_Task to complete_:
Everything in the entries below must be reproduced exactly, except the images.

+++ Information shown

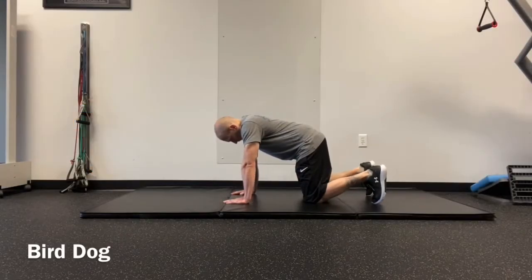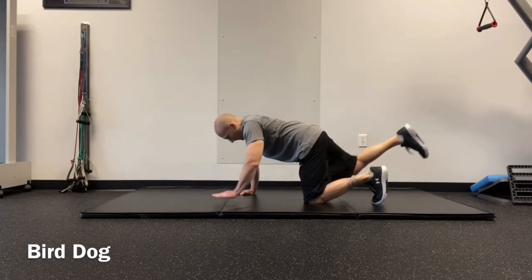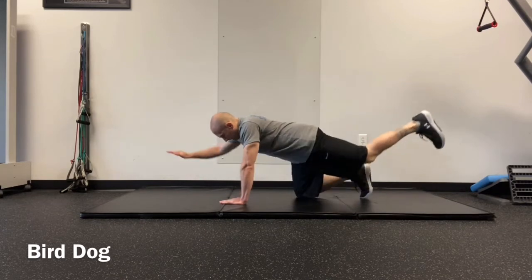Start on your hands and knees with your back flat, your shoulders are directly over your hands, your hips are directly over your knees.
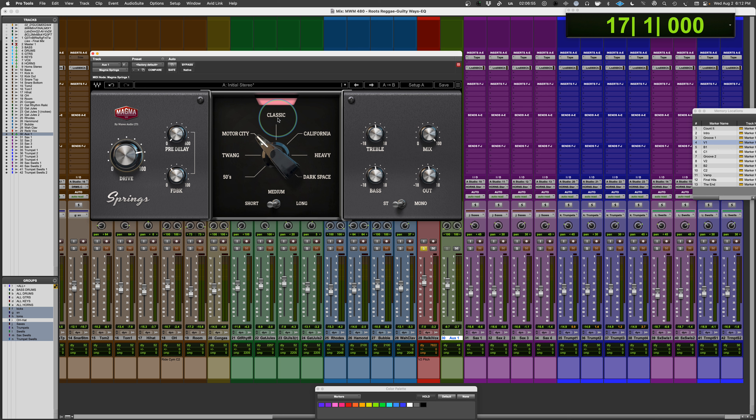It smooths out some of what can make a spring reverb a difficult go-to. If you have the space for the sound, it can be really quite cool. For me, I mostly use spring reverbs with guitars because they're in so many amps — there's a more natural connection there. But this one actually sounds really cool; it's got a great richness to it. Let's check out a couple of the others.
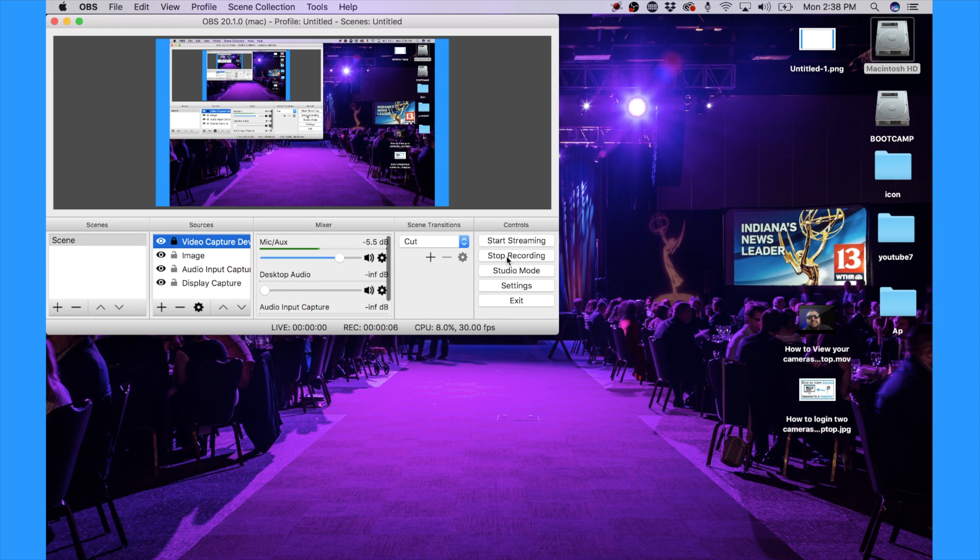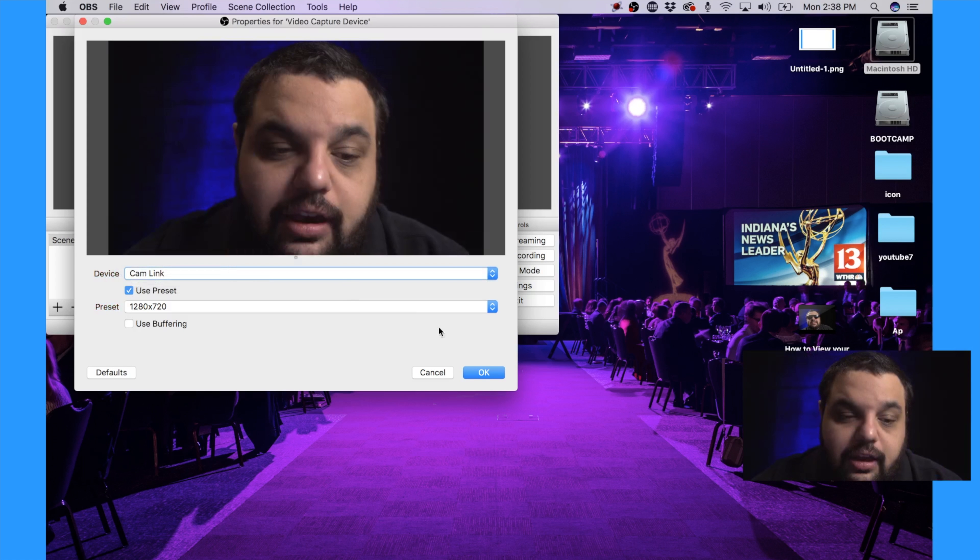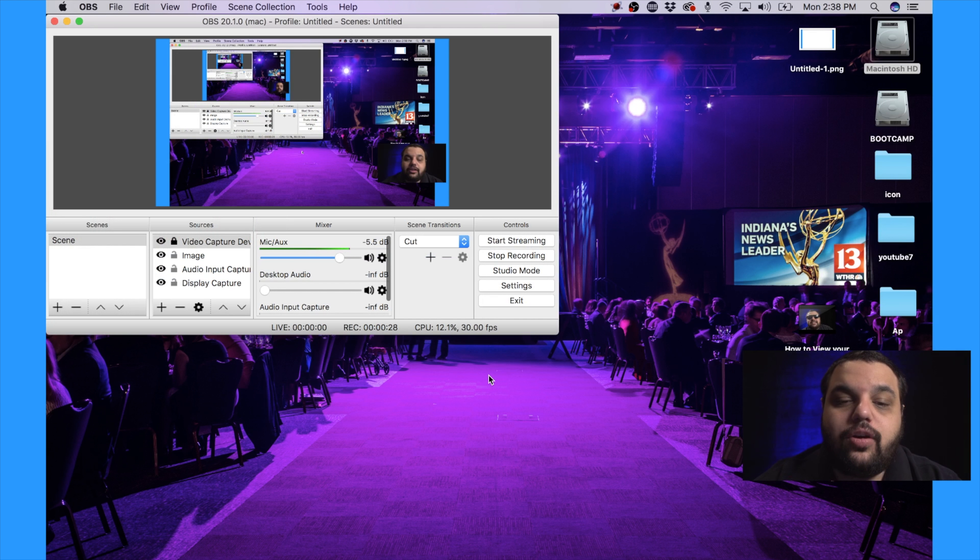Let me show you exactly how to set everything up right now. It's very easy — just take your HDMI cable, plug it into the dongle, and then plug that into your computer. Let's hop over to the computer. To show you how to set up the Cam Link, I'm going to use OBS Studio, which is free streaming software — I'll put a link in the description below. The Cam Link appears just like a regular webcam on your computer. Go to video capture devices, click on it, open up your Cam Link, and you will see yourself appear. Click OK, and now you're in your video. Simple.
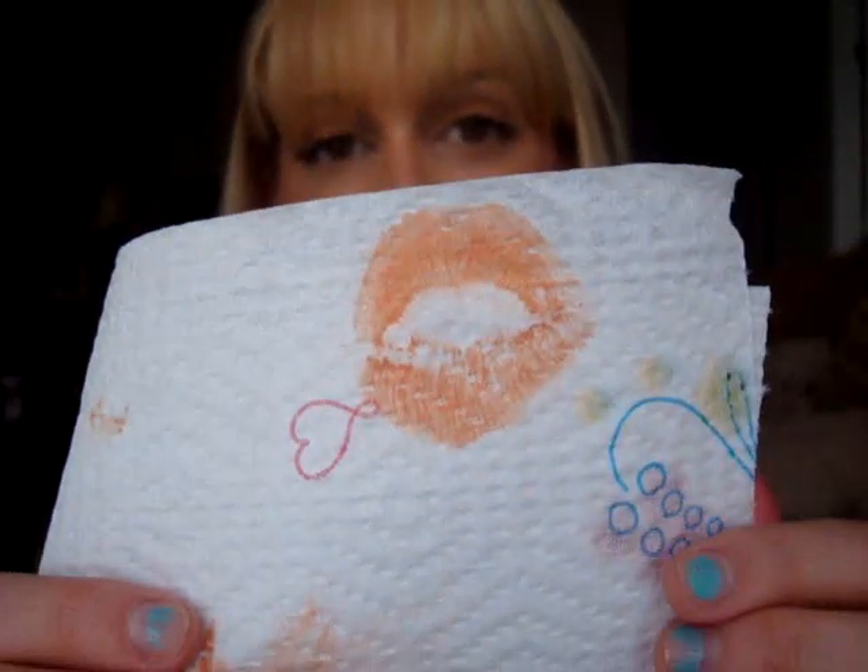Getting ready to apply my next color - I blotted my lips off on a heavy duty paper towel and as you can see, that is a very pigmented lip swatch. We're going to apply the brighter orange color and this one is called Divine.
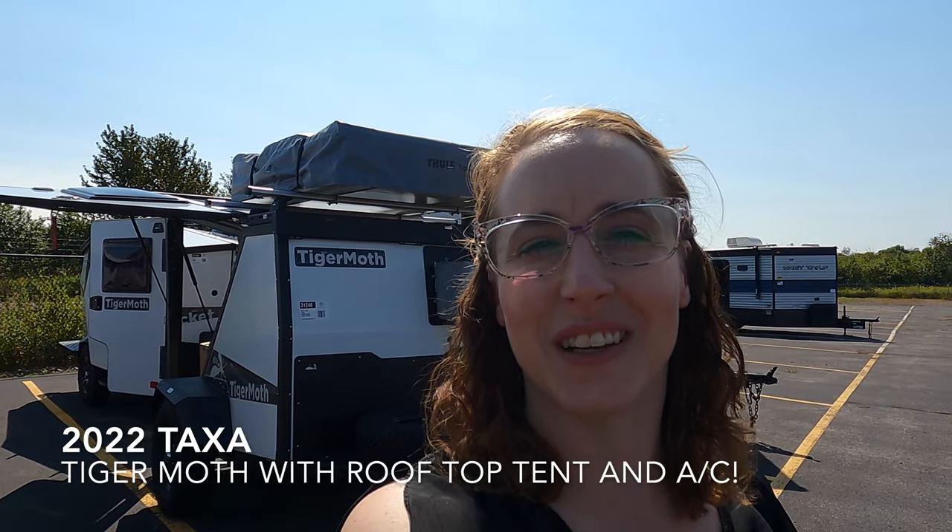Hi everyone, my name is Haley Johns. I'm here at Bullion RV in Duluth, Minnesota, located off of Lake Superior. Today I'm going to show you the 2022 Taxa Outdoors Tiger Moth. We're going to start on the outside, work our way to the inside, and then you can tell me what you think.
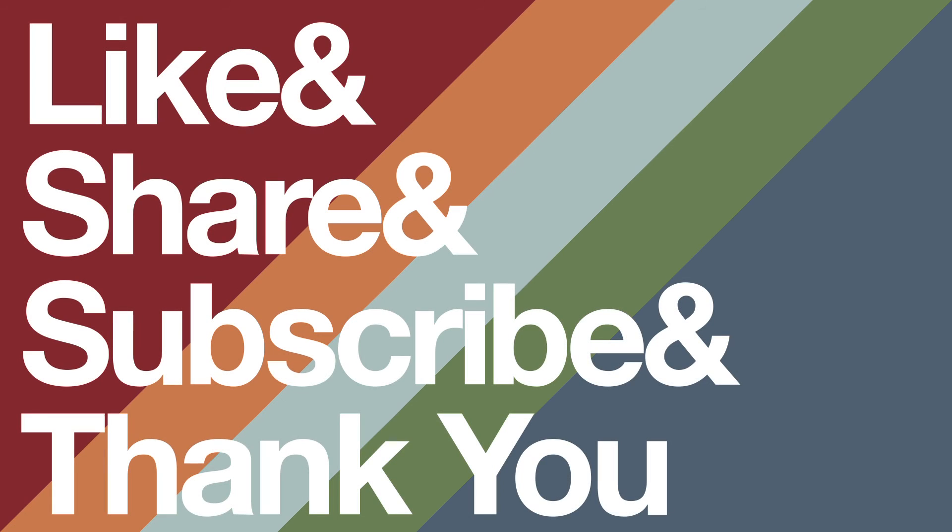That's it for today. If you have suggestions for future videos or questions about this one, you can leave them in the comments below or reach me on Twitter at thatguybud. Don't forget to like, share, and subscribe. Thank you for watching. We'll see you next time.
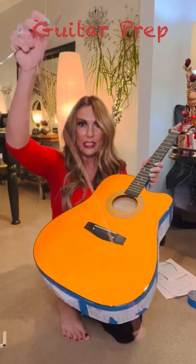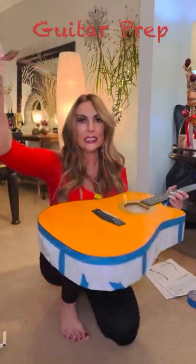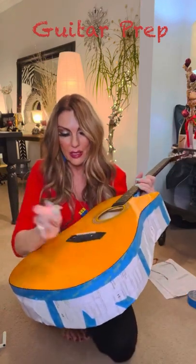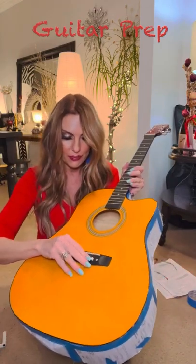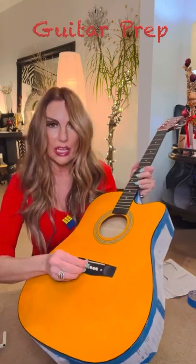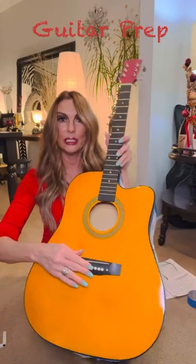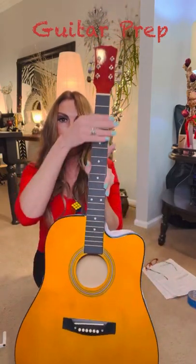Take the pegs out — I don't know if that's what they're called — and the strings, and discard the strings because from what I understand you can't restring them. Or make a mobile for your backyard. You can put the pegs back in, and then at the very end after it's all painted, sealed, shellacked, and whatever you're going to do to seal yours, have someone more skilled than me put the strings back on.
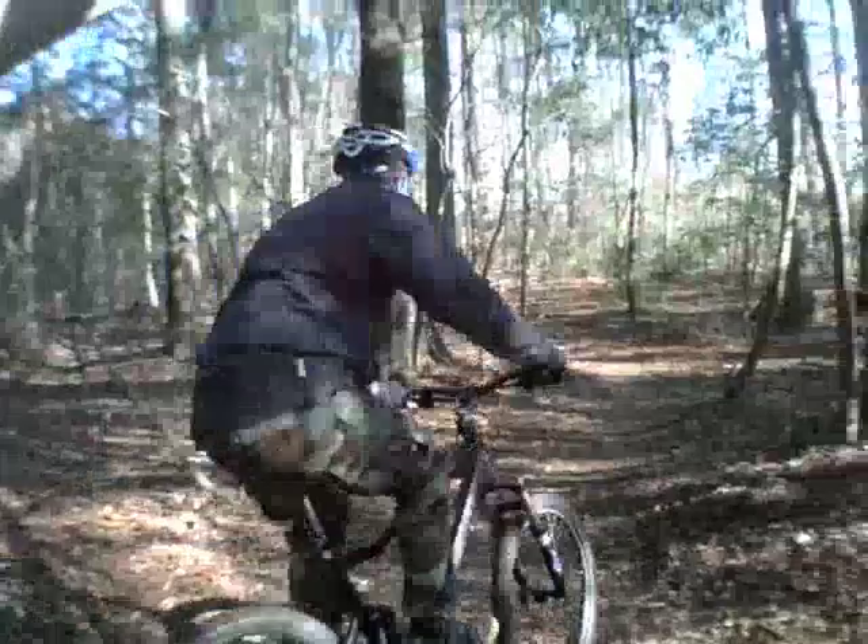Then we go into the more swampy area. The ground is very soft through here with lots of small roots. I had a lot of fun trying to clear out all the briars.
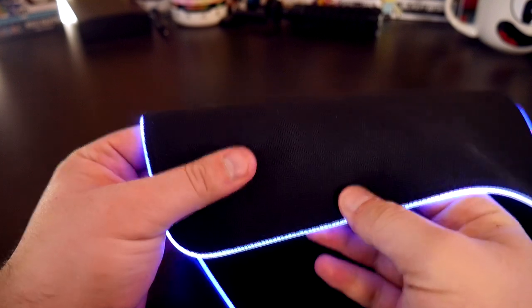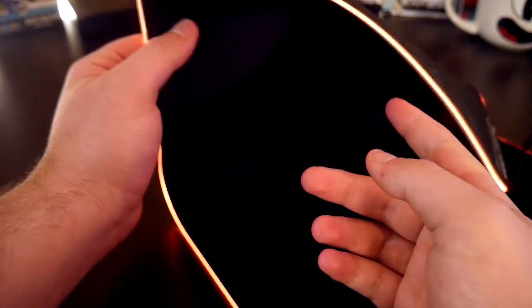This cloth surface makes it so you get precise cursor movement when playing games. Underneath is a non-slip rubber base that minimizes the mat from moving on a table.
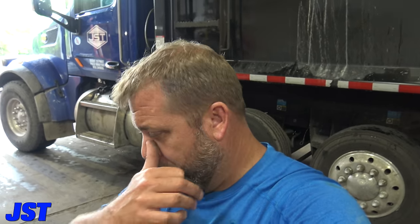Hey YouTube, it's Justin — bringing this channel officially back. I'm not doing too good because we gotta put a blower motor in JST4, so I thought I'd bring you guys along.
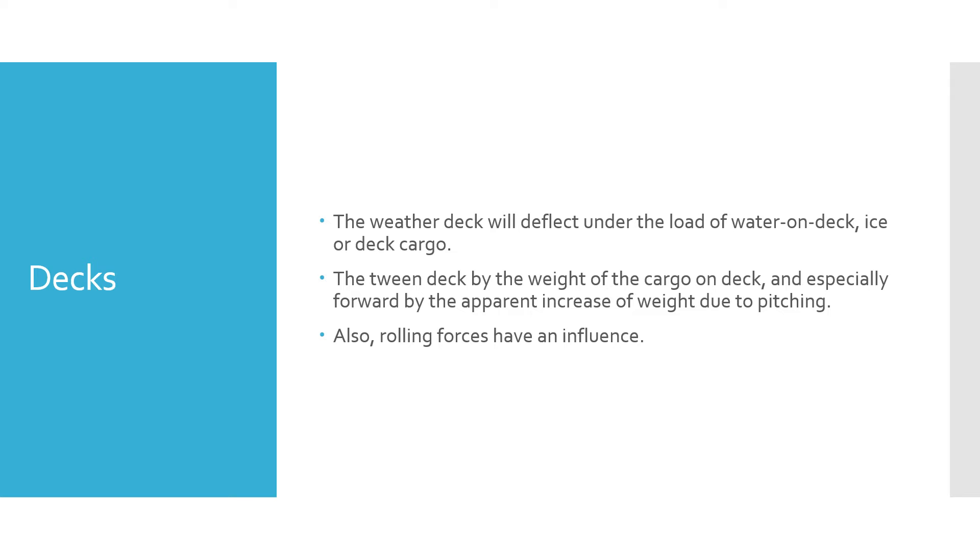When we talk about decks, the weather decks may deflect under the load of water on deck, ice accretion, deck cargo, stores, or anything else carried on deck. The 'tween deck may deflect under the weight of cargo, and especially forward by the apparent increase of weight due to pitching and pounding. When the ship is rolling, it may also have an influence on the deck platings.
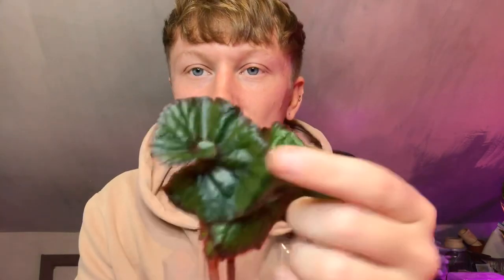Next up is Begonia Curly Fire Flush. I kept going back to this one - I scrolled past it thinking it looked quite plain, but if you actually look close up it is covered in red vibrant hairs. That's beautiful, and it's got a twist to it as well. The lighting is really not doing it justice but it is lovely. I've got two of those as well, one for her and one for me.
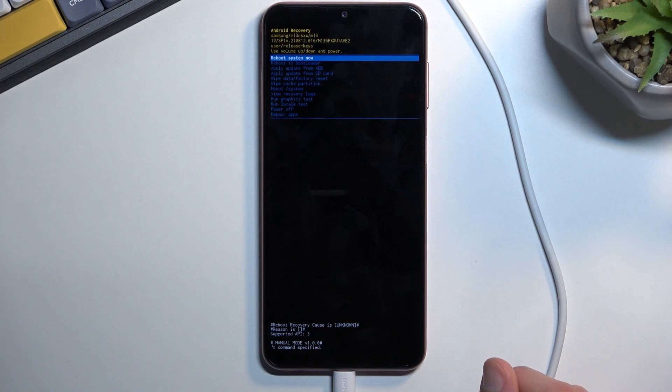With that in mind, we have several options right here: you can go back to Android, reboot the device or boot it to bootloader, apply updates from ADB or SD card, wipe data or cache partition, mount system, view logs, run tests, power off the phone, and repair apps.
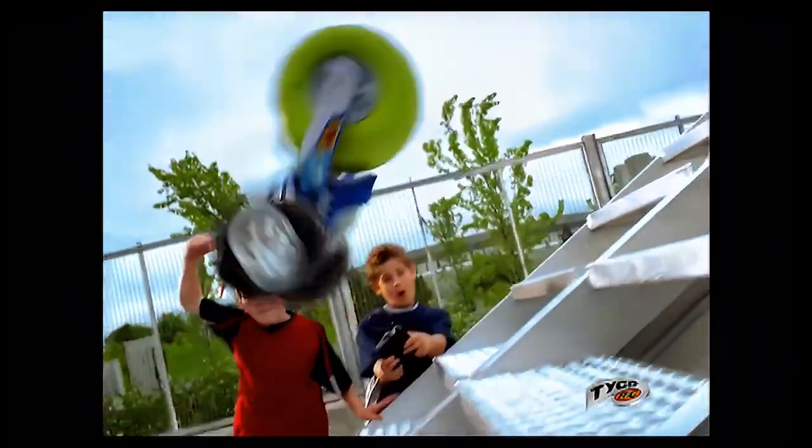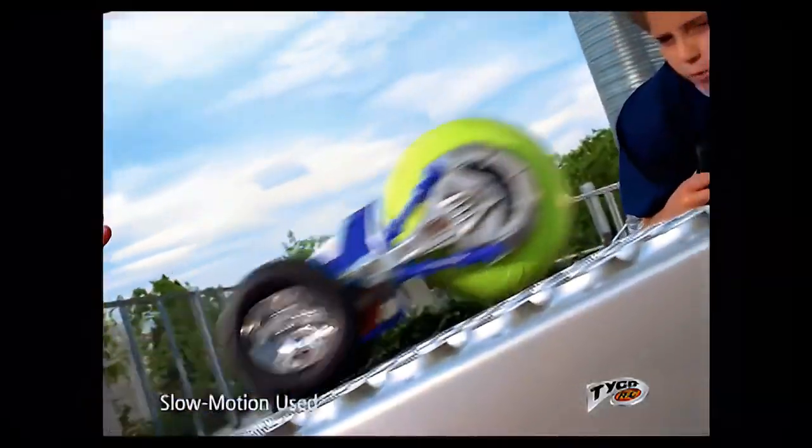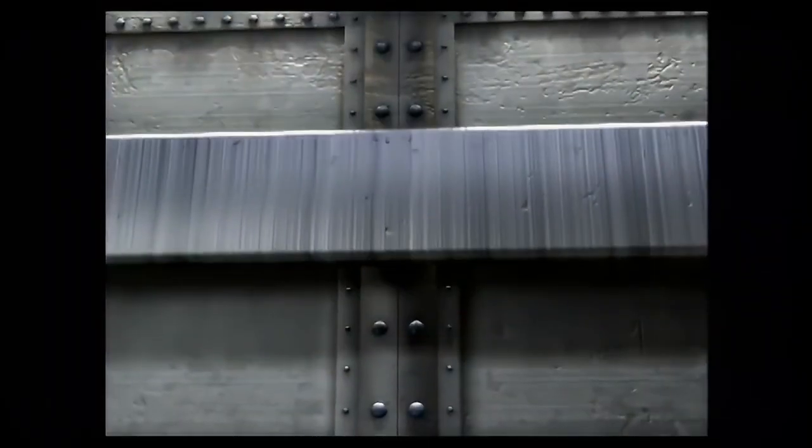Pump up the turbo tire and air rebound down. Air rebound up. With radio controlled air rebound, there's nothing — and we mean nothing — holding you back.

++++++

_Your response_:
Start on your hands and knees with your back flat, your shoulders are directly over your hands, your hips are directly over your knees.
It smooths out some of what can make a spring reverb a difficult go-to. If you have the space for the sound, it can be really quite cool. For me, I mostly use spring reverbs with guitars because they're in so many amps — there's a more natural connection there. But this one actually sounds really cool; it's got a great richness to it. Let's check out a couple of the others.
Let me show you exactly how to set everything up right now. It's very easy — just take your HDMI cable, plug it into the dongle, and then plug that into your computer. Let's hop over to the computer. To show you how to set up the Cam Link, I'm going to use OBS Studio, which is free streaming software — I'll put a link in the description below. The Cam Link appears just like a regular webcam on your computer. Go to video capture devices, click on it, open up your Cam Link, and you will see yourself appear. Click OK, and now you're in your video. Simple.
Getting ready to apply my next color - I blotted my lips off on a heavy duty paper towel and as you can see, that is a very pigmented lip swatch. We're going to apply the brighter orange color and this one is called Divine.
Hi everyone, my name is Haley Johns. I'm here at Bullion RV in Duluth, Minnesota, located off of Lake Superior. Today I'm going to show you the 2022 Taxa Outdoors Tiger Moth. We're going to start on the outside, work our way to the inside, and then you can tell me what you think.
That's it for today. If you have suggestions for future videos or questions about this one, you can leave them in the comments below or reach me on Twitter at thatguybud. Don't forget to like, share, and subscribe. Thank you for watching. We'll see you next time.
Take the pegs out — I don't know if that's what they're called — and the strings, and discard the strings because from what I understand you can't restring them. Or make a mobile for your backyard. You can put the pegs back in, and then at the very end after it's all painted, sealed, shellacked, and whatever you're going to do to seal yours, have someone more skilled than me put the strings back on.
Then we go into the more swampy area. The ground is very soft through here with lots of small roots. I had a lot of fun trying to clear out all the briars.
This cloth surface makes it so you get precise cursor movement when playing games. Underneath is a non-slip rubber base that minimizes the mat from moving on a table.
Hey YouTube, it's Justin — bringing this channel officially back. I'm not doing too good because we gotta put a blower motor in JST4, so I thought I'd bring you guys along.
When we talk about decks, the weather decks may deflect under the load of water on deck, ice accretion, deck cargo, stores, or anything else carried on deck. The 'tween deck may deflect under the weight of cargo, and especially forward by the apparent increase of weight due to pitching and pounding. When the ship is rolling, it may also have an influence on the deck platings.
Next up is Begonia Curly Fire Flush. I kept going back to this one - I scrolled past it thinking it looked quite plain, but if you actually look close up it is covered in red vibrant hairs. That's beautiful, and it's got a twist to it as well. The lighting is really not doing it justice but it is lovely. I've got two of those as well, one for her and one for me.
With that in mind, we have several options right here: you can go back to Android, reboot the device or boot it to bootloader, apply updates from ADB or SD card, wipe data or cache partition, mount system, view logs, run tests, power off the phone, and repair apps.
Pump up the turbo tire and air rebound down. Air rebound up. With radio controlled air rebound, there's nothing — and we mean nothing — holding you back.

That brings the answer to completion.